Rolling the nodes in a Replicated Kubernetes cluster


#1

This is an example of how to replace all 4 nodes on an HA cluster with 3 masters and 1 worker on GCP.

Worker

  1. On worker-1, run sudo /opt/replicated/shutdown.sh
  2. On master-1 run kubectl drain worker-1 --delete-local-data --ignore-daemonsets
  3. gcloud compute instances delete worker-1
  4. On master-1 run replicatedctl cluster delete-node worker-1
  5. Wait for worker-1 to come back up, then run the worker join script on it from the /cluster page of the console.
  6. Exec into rook-ceph-operator pod in rook-ceph-system namespace and wait for ceph status to show 4 osds and no degraded data redundancy

Master

  1. (Airgap only).
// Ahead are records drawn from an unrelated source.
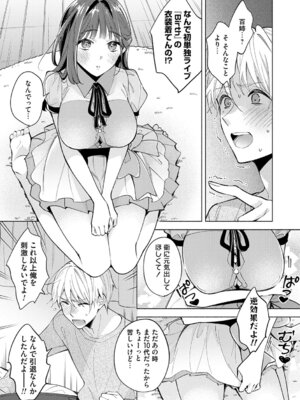 [君ねこ&近] ねぇ、ちゃんと愛して？【FANZA限定特典付き】 [DL版]_008_synt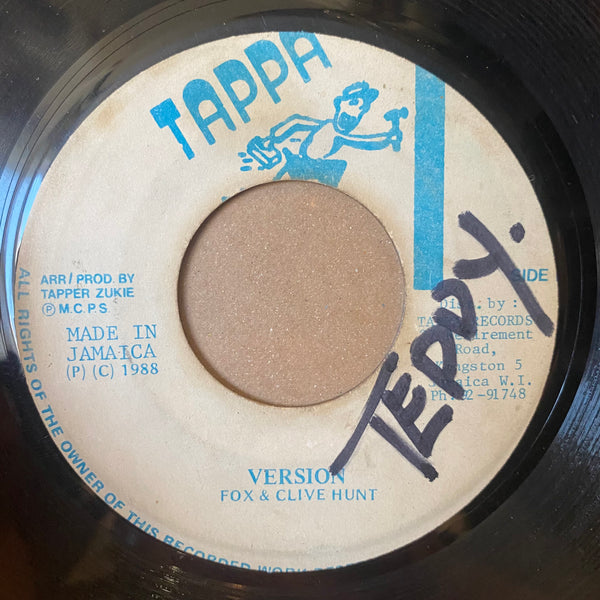 DENNIS BROWN [Death Before Dishonour]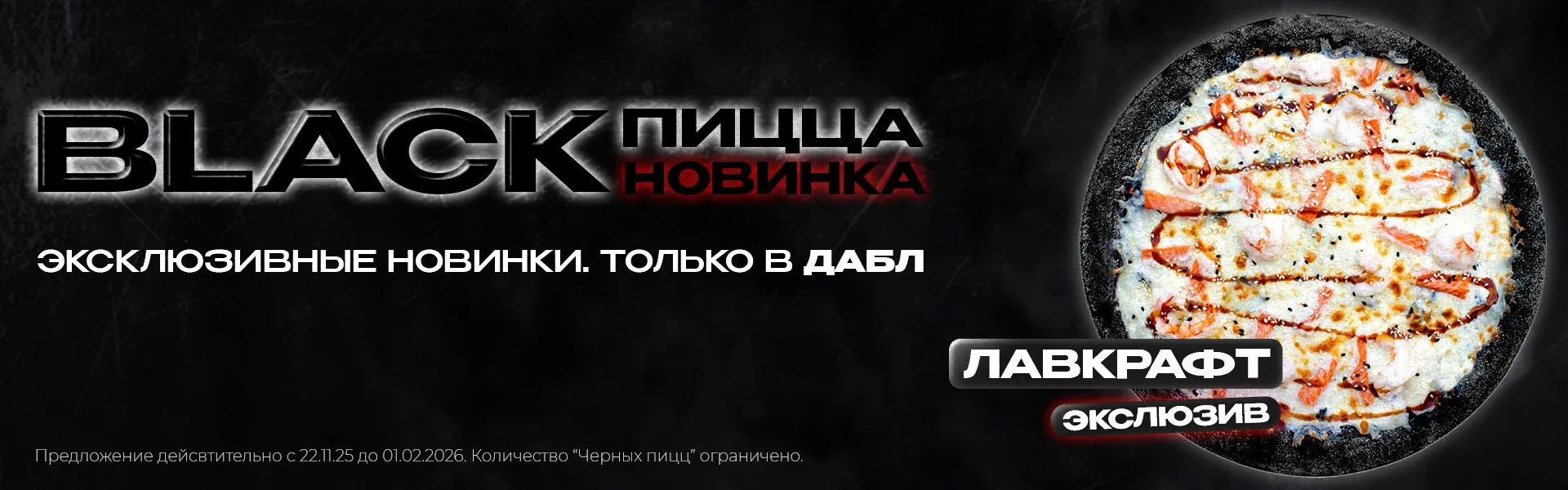 Черные пиццы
On master-3 run
    kubectl patch deploy replicated --type='json' -p='[{"op": "replace", "path": "/spec/template/spec/nodeSelector", "value":{"node-role.kubernetes.io/master":""}}]'
    
  2. On master-3 run
    sudo /opt/replicated/shutdown.sh
    
  3. On another master run
    kubectl drain master-3 --delete-local-data --ignore-daemonsets
    
  4. Run
    gcloud compute instances delete master-3
    
  5. On another master run
    replicatedctl cluster delete-node master-3
    
  6. Wait for master-3 to come back up, then run the master join script on it.
  7. Update load balancer with new IP of master-3.
  8. Exec into rook-ceph-operator pod in rook-ceph-system namespace and wait for ceph status to show 4 osds and no degraded data redundancy.
  9. (airgap only) Wait for the application .airgap bundles and the license .rli file to be replicated to the new master. The file locations can be found with replicatedctl params export | grep AirgapLicensePath and replicatedctl params export | grep AirgapPackagePath.

Repeat master-3 steps 1-8 on master-2 and master-1